Stored dataset items:
++++++++++

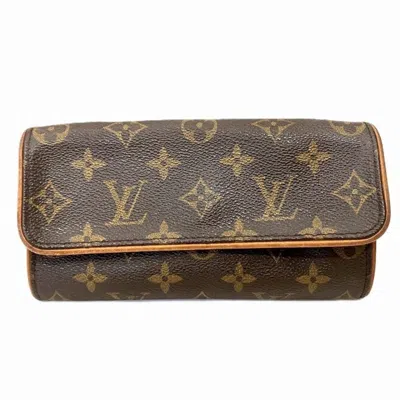 Pre-owned Louis Vuitton Monogram Brown Monogram Clutch Bag Pochette ()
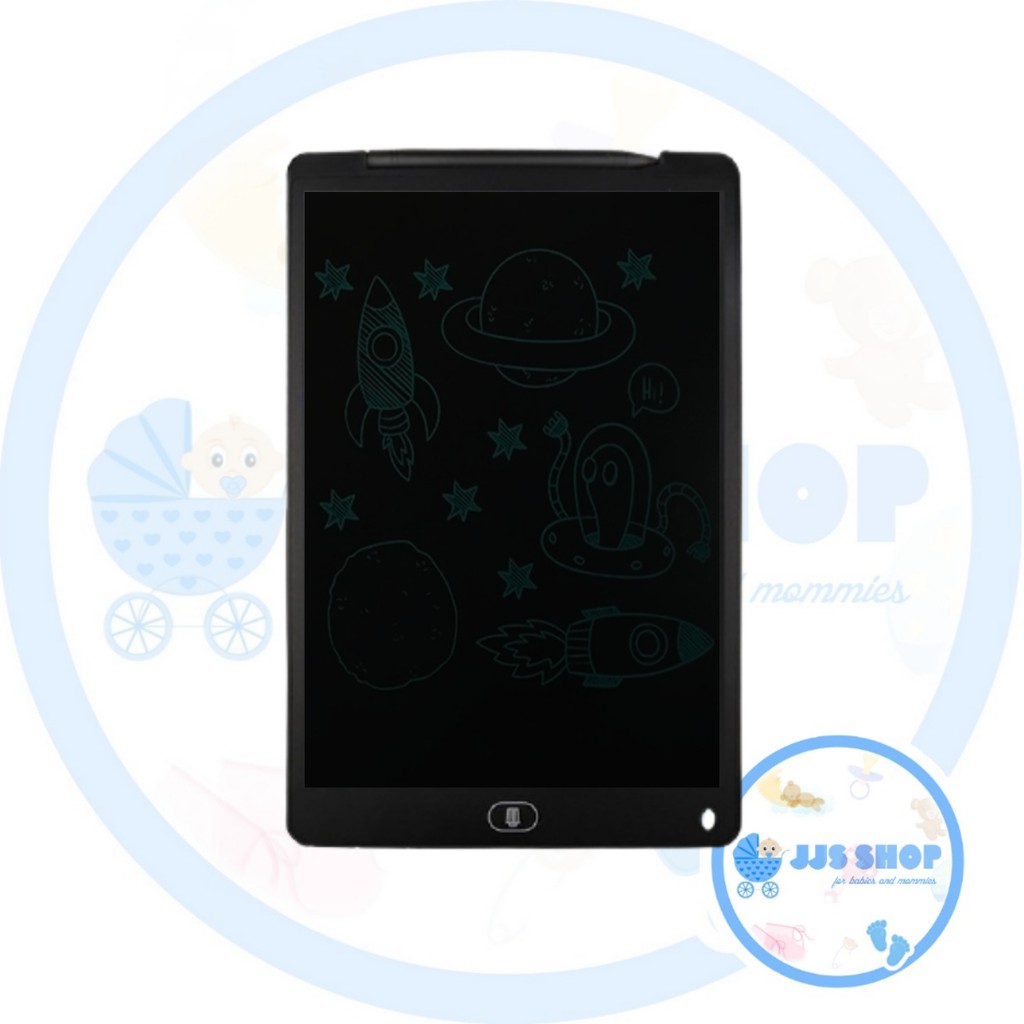 Tablet Menggambar Menulis Papan LCD Belajar Anak Drawing Writting 12 Inch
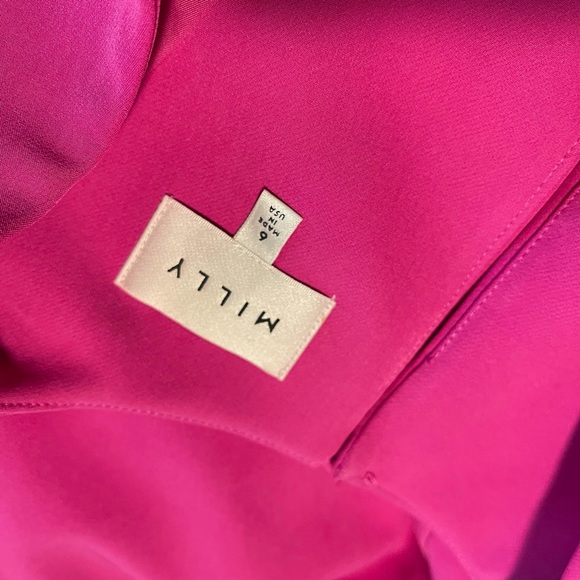 Milly Josie Puff-Sleeve Italian Cady Minidress - Picture 10 of 12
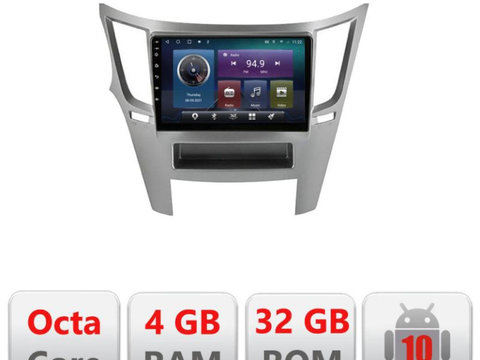 Navigatie dedicata Edonav Subaru Legacy 2010-2015 C-458,QLED,Octacore,4 Gb RAM,32 Gb Hdd,360,4G,DSP,GPS,Bluetooth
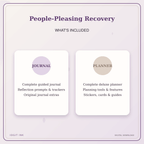 Idgit Ink People-Pleasing Recovery deluxe journal and planner bundle — complete journal and planner bundle contents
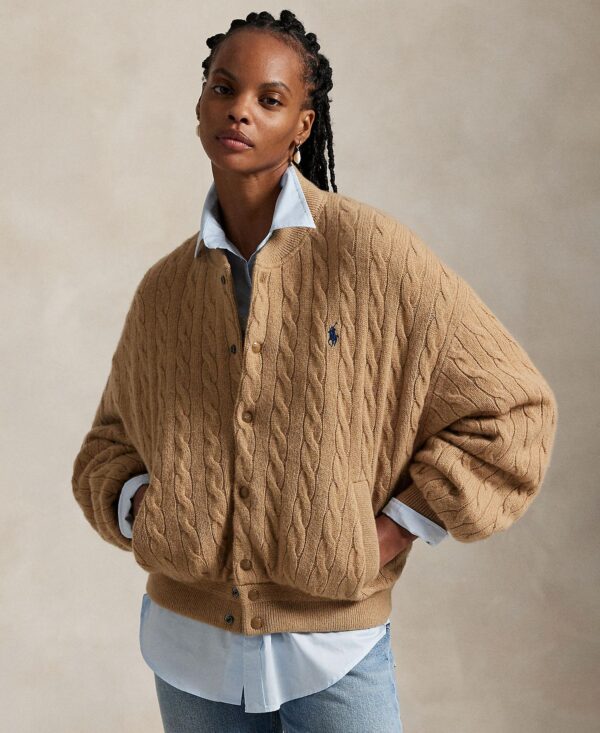 Women's Cable Bomber Jacket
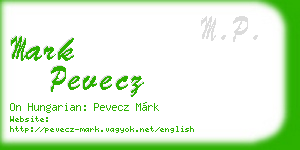 mark pevecz business card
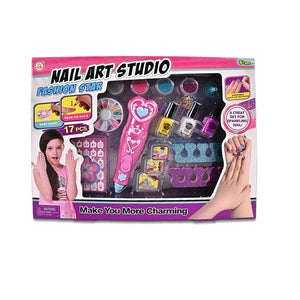 KIDS PLAY NAIL KIT ART STUDIO 868-105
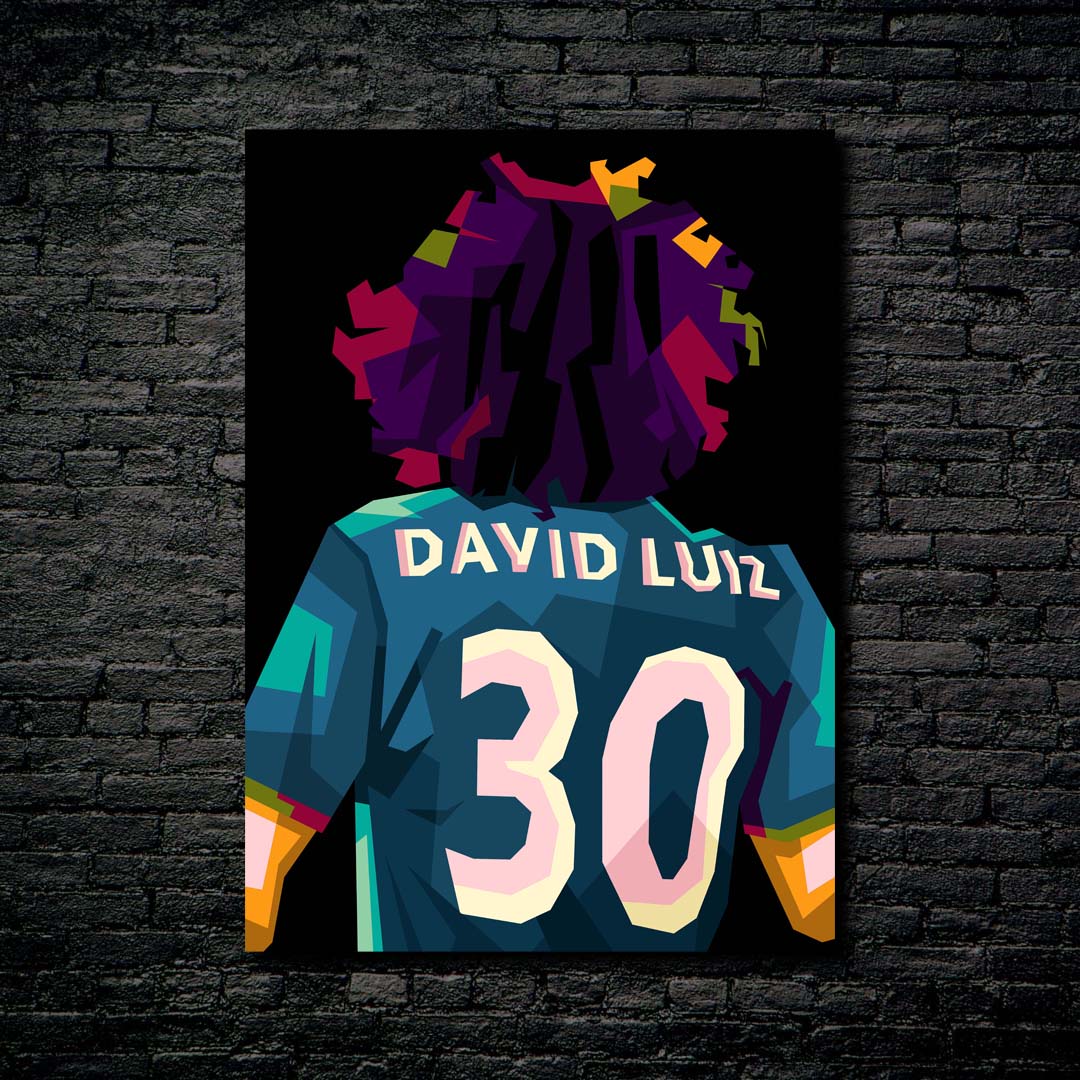 David Luiz in trend wpap pop art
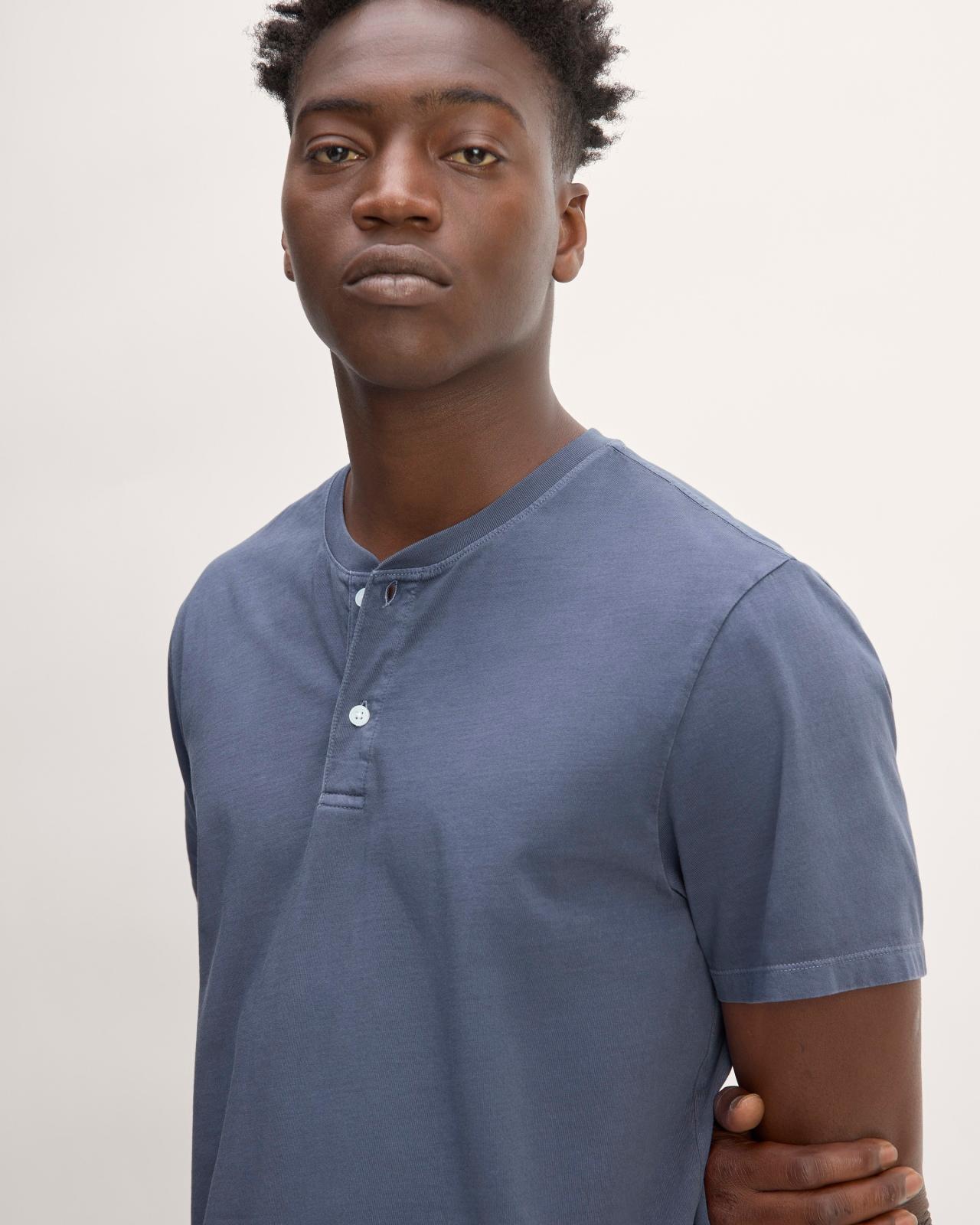 The Essential Organic Garment-Dyed Henley Product Image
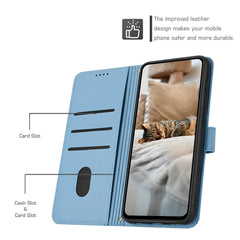 For Samsung Galaxy S25 FE Wallet Case Cats Imprint Leather Phone Cover with Strap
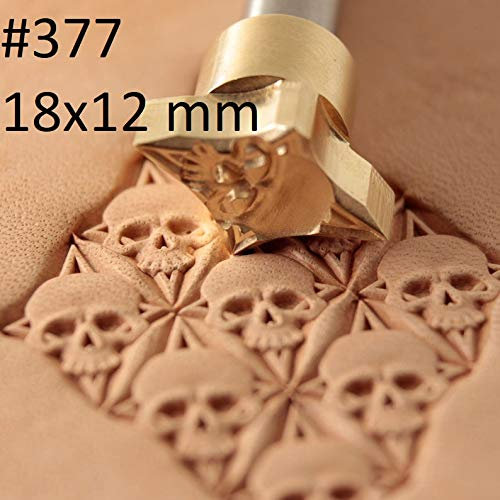 Totenkopf-Leder-Stempel, Stempel, Schnitzen, Stanzer, Werkzeuge, Handwerk, Lederhandwerk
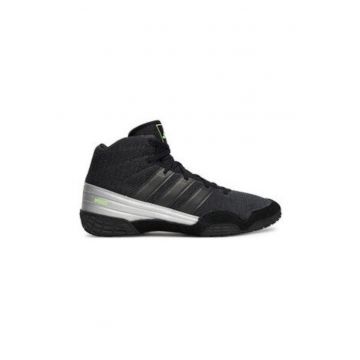 Pantofi inalti din material textil si sireturi pentru box
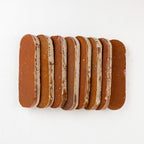 Sienna Sun zellige long oval tile 2x6 glossy - stacked side view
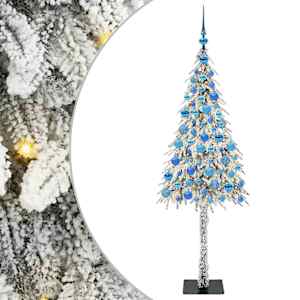 Vánoční stromeček s 300 LED diodami Bílá 180 cm PE a Ocel - obrázek 2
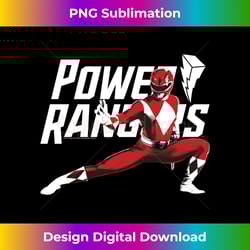 power rangers red ranger karate action pose logo long sleeve - bespoke sublimation digital file - craft with boldness and assurance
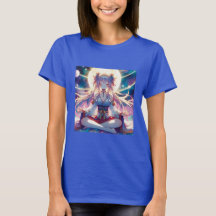 Anime Girl Meditating Andlig
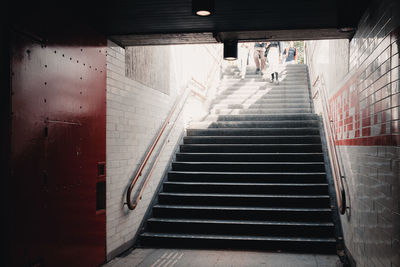 Low angle view of staircase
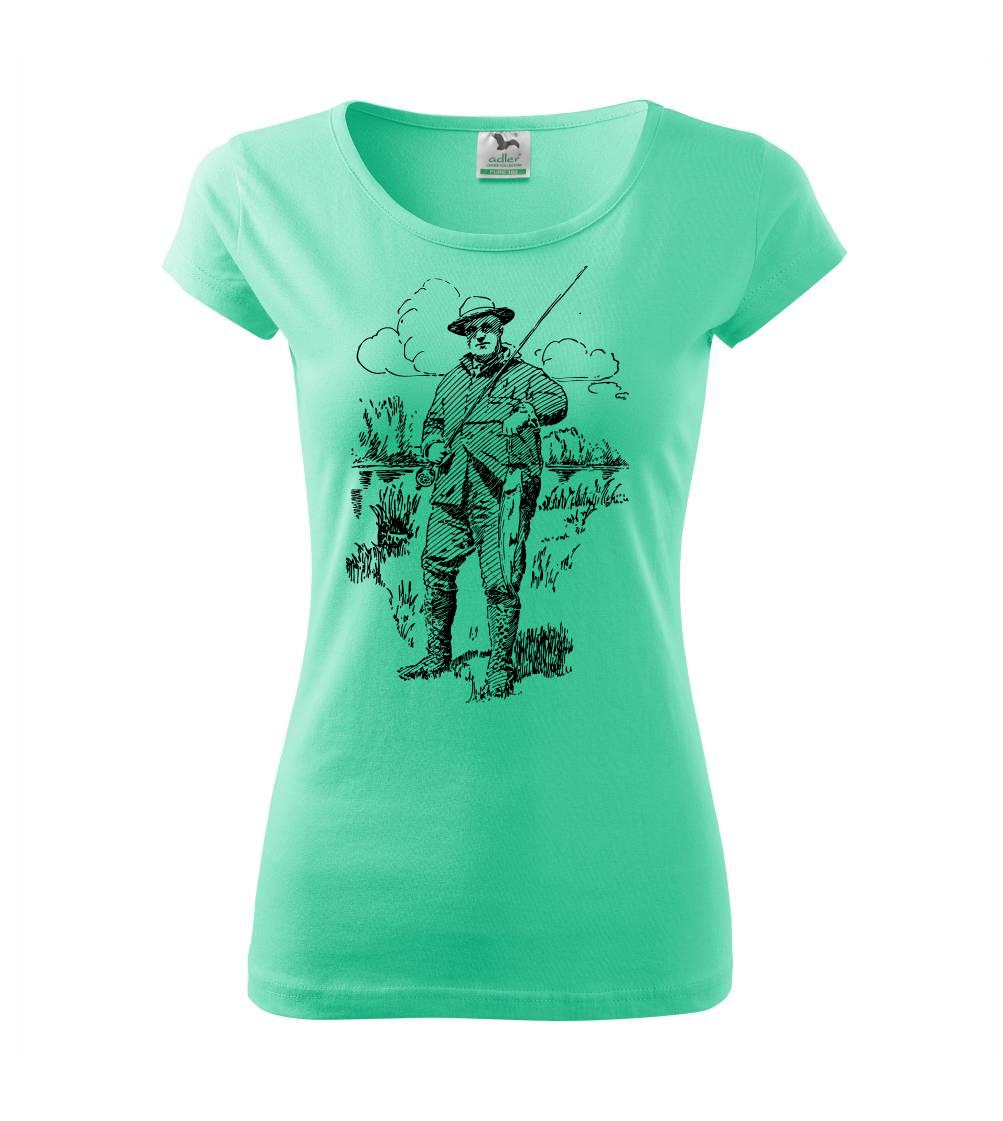 Kreslený rybář s úlovkem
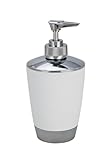 WENKO 19478102 Seifenspender Vercelli Chrom - Flüssigseifen-Spender, Fassungsvermögen 0.3 L,...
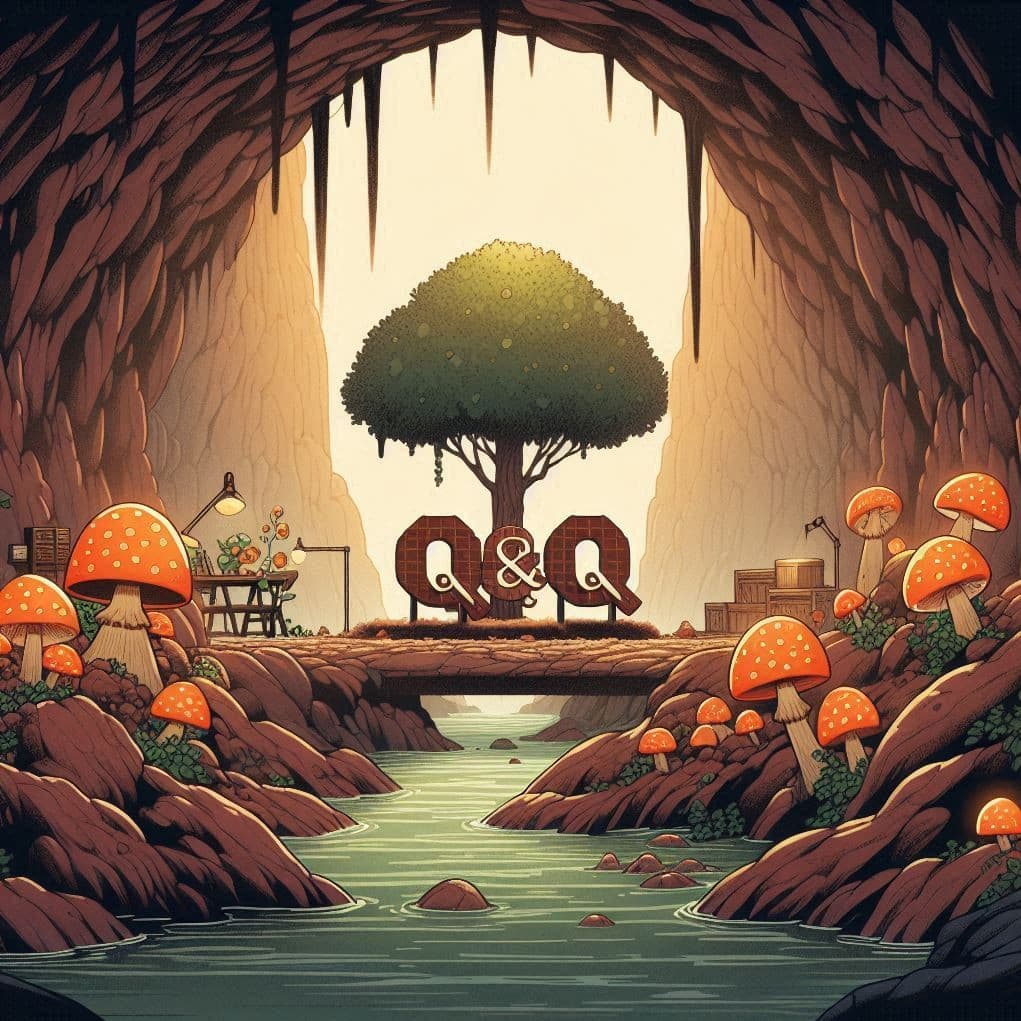 Cover Questen & Quatschen - DnD Actual Play Pen and Paper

++++++++++

What to work on ->
Repeat the records above exactly, from the first line through the line containing "Kreslený rybář s úlovkem", and leave out the pictures.

Completed exercise ->
 Pre-owned Louis Vuitton Monogram Brown Monogram Clutch Bag Pochette ()
 Tablet Menggambar Menulis Papan LCD Belajar Anak Drawing Writting 12 Inch
 Milly Josie Puff-Sleeve Italian Cady Minidress - Picture 10 of 12
 Navigatie dedicata Edonav Subaru Legacy 2010-2015 C-458,QLED,Octacore,4 Gb RAM,32 Gb Hdd,360,4G,DSP,GPS,Bluetooth
 Idgit Ink People-Pleasing Recovery deluxe journal and planner bundle — complete journal and planner bundle contents
 Women's Cable Bomber Jacket
 mark pevecz business card
 KIDS PLAY NAIL KIT ART STUDIO 868-105
 David Luiz in trend wpap pop art
 The Essential Organic Garment-Dyed Henley Product Image
 For Samsung Galaxy S25 FE Wallet Case Cats Imprint Leather Phone Cover with Strap
 Totenkopf-Leder-Stempel, Stempel, Schnitzen, Stanzer, Werkzeuge, Handwerk, Lederhandwerk
 Pantofi inalti din material textil si sireturi pentru box
 Sienna Sun zellige long oval tile 2x6 glossy - stacked side view
 Vánoční stromeček s 300 LED diodami Bílá 180 cm PE a Ocel - obrázek 2
 power rangers red ranger karate action pose logo long sleeve - bespoke sublimation digital file - craft with boldness and assurance
 Anime Girl Meditating Andlig
 Low angle view of staircase
 Kreslený rybář s úlovkem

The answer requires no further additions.